I also realized that I know this word, I just haven't been reading for a long time. :(

simjanos-dev avatar Apr 30 '24 17:04 simjanos-dev

Hey, I'm super impressed that you can keep up more than one language at a time. I hope I don't forget as well lol.

You remember this thought right? 助けてくれてありがとう!

etherealite avatar Apr 30 '24 18:04 etherealite

Hey, I'm super impressed that you can keep up more than one language at a time.

I'm not sure what you mean, I only learn Japanese.

You remember this thought right? 助けてくれてありがとう!

Yes, I do!

simjanos-dev avatar Apr 30 '24 19:04 simjanos-dev

Sorry, but I cannot replicate this.
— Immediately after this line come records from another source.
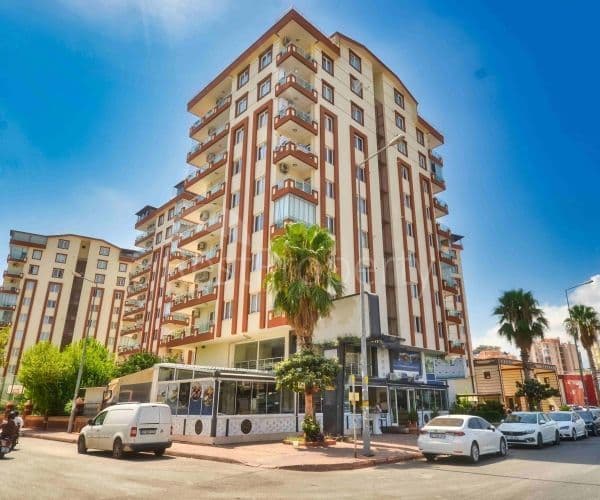 Квартира в Анталии, Турция, 265 м2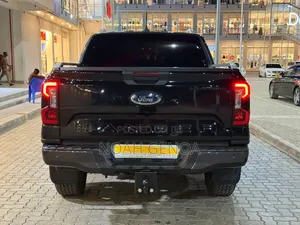 Ford Ranger Wildtrak 2024 Black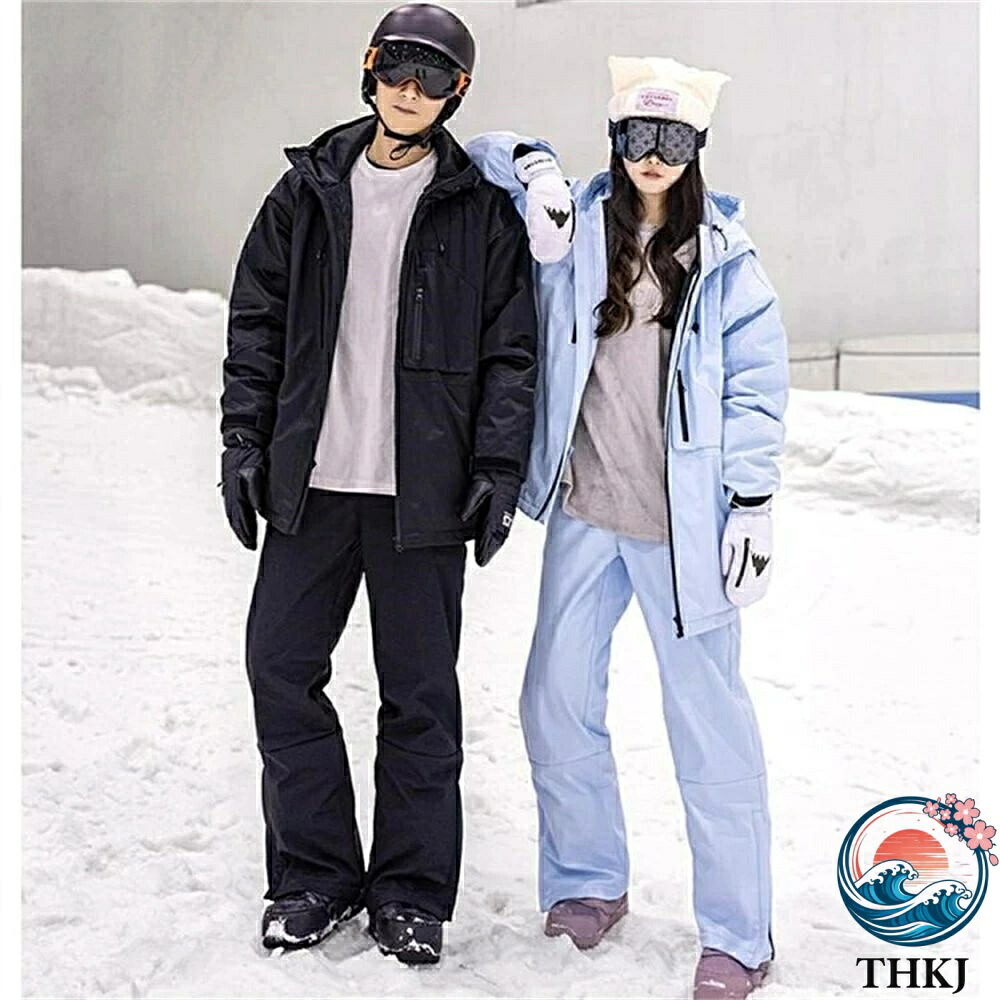 【全品5%尖んがり】スキーの板御召しもの スノーボード御召しもの メンズ レディース THKJ 上下仕掛ける ゲーム盤御召しもの スノボウェア 上衣 スノーボー 一般受け おすすめ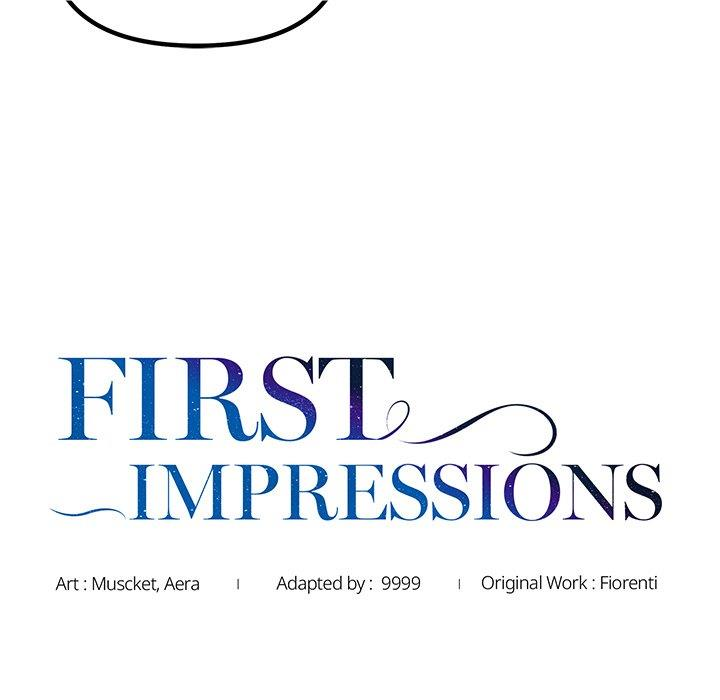 First Impressions Chapter 20 - Page 35
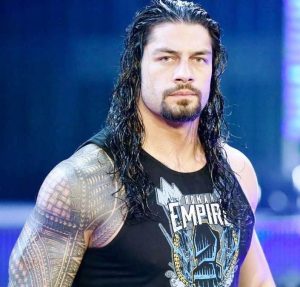 roman reigns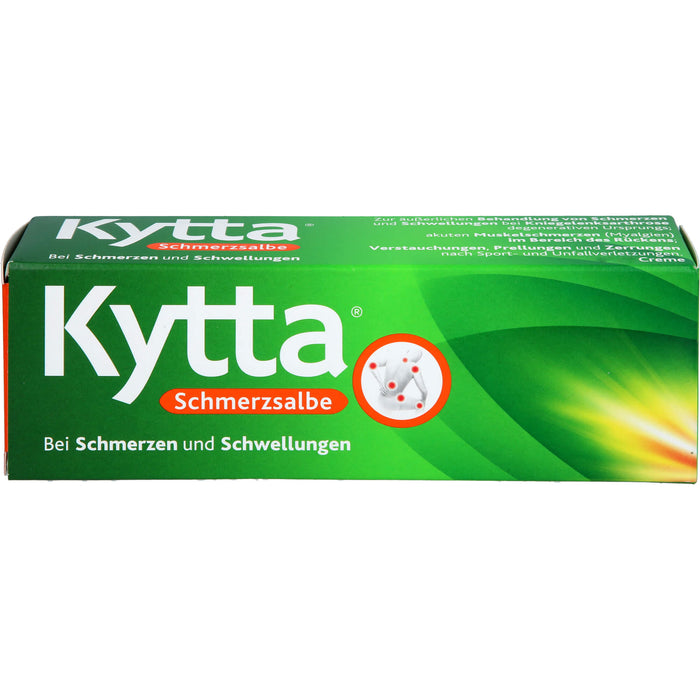 Kytta Schmerzsalbe, 50 g Cream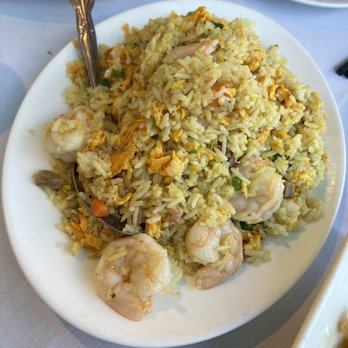 Oak Tree Inn - Shrimp Fried Rice - Chinese Near Me - South Pasadena, California Oak Tree Inn - Shrimp Fried Rice - Chinese Near Me - South Pasadena, California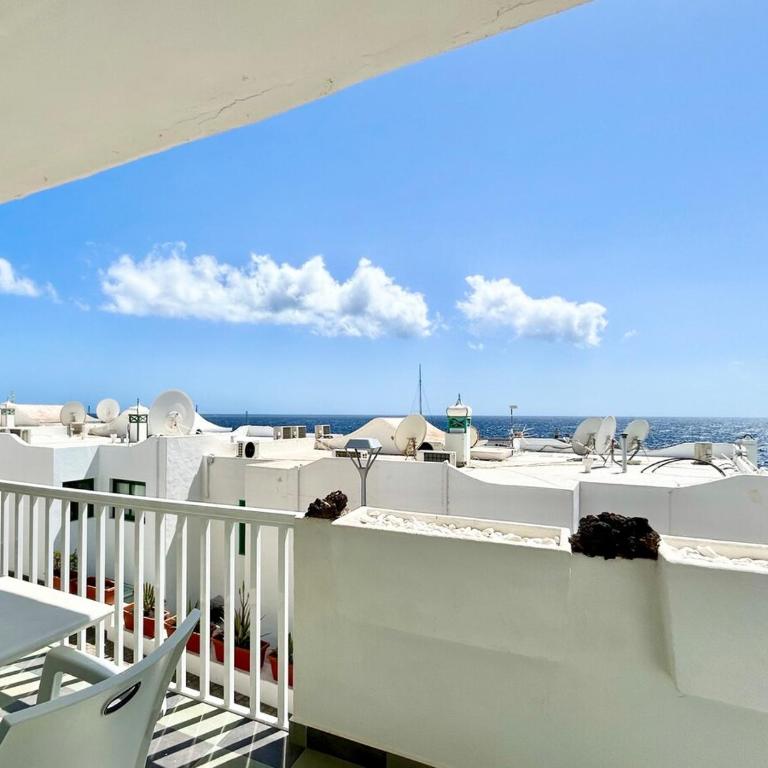 Vista al Mar - sea view apartment by JK Lanzarote - Apartamento de 2 dormitorios - 10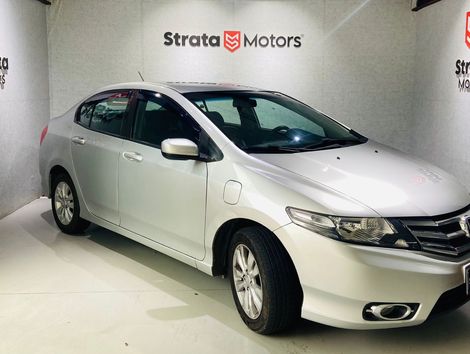 Honda CITY Sedan LX 1.5 Flex 16V 4p Mec.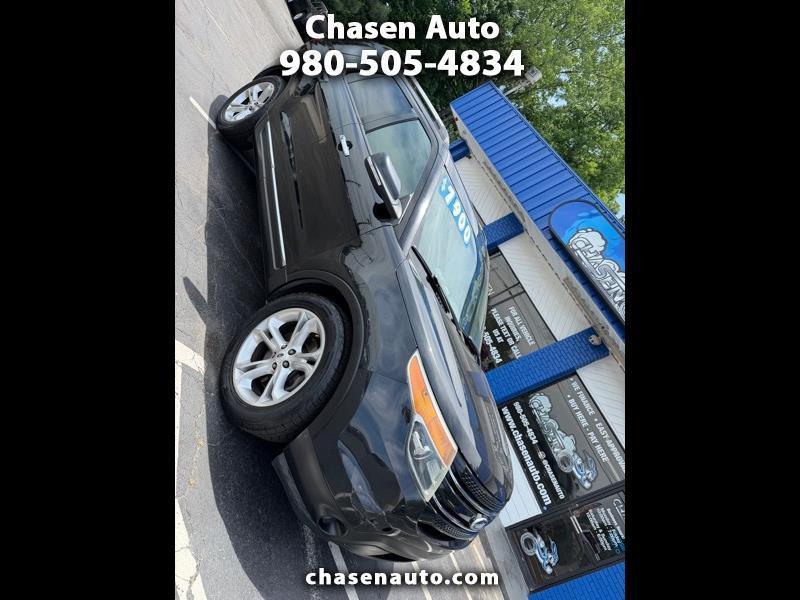 2014 Ford Explorer Limited's photo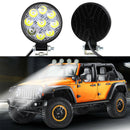 9LED 27W Work Light Bar Spotlight Lamp Off Road Vehicles LED Work Car LightB Hn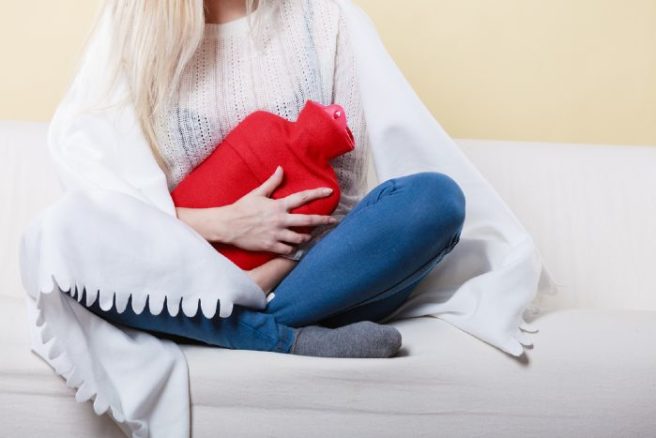 Period cramps got you down? Yoga could be better than painkillers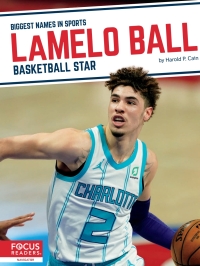 Imagen de portada: LaMelo Ball 1st edition 9781637392539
This is what I see when I use an empty database, create an .srt file from your example, and import it as a subtitle:

ghissue

It is possible that it was imported from an other source first, and the inaccurate reading was generated there.

Are there maybe other words where you have kanji in your reading field? Or did you maybe use vocabulary import?

simjanos-dev avatar May 15 '24 16:05 simjanos-dev

That's alright, thanks for giving it a shot. I haven't had anything like this happen since, so I can't be of much help.

I'll be sure and report if I find this behavior again. You can close the issue.

etherealite avatar Jun 10 '24 09:06 etherealite